- What is required
In the listing below, the lines starting with the line with "3D Sandbilder Zum" and going on through the line with "NEW Escada Sport" are to be reproduced exactly, and only those.

- Input material
Segment Open

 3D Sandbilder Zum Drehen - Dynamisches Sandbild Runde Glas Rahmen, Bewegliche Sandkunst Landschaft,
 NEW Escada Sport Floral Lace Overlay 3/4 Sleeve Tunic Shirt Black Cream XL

Segment Closed
Segment Open

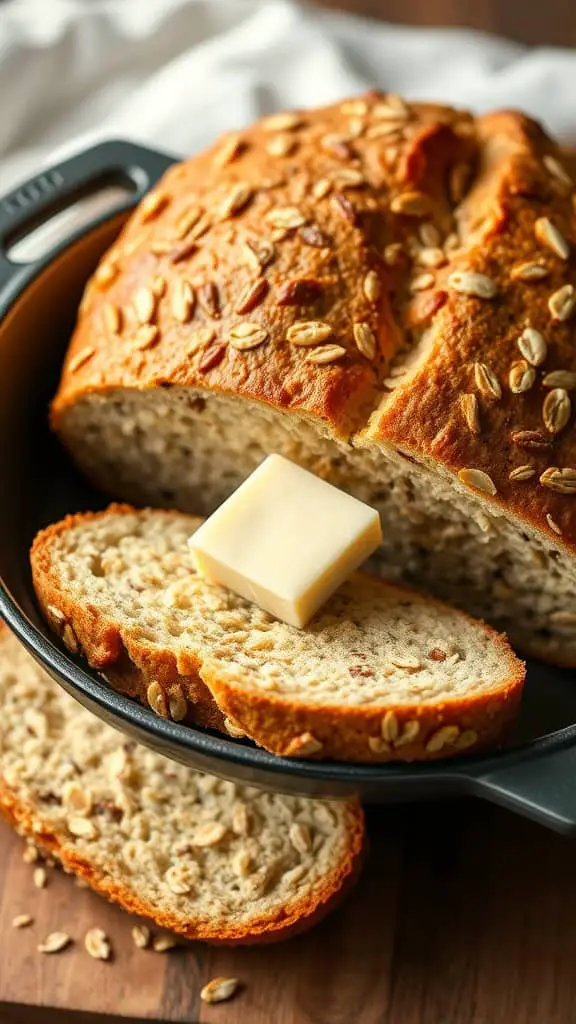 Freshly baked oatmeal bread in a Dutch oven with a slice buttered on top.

Segment Closed

- Solution to the problem
 3D Sandbilder Zum Drehen - Dynamisches Sandbild Runde Glas Rahmen, Bewegliche Sandkunst Landschaft,
 NEW Escada Sport Floral Lace Overlay 3/4 Sleeve Tunic Shirt Black Cream XL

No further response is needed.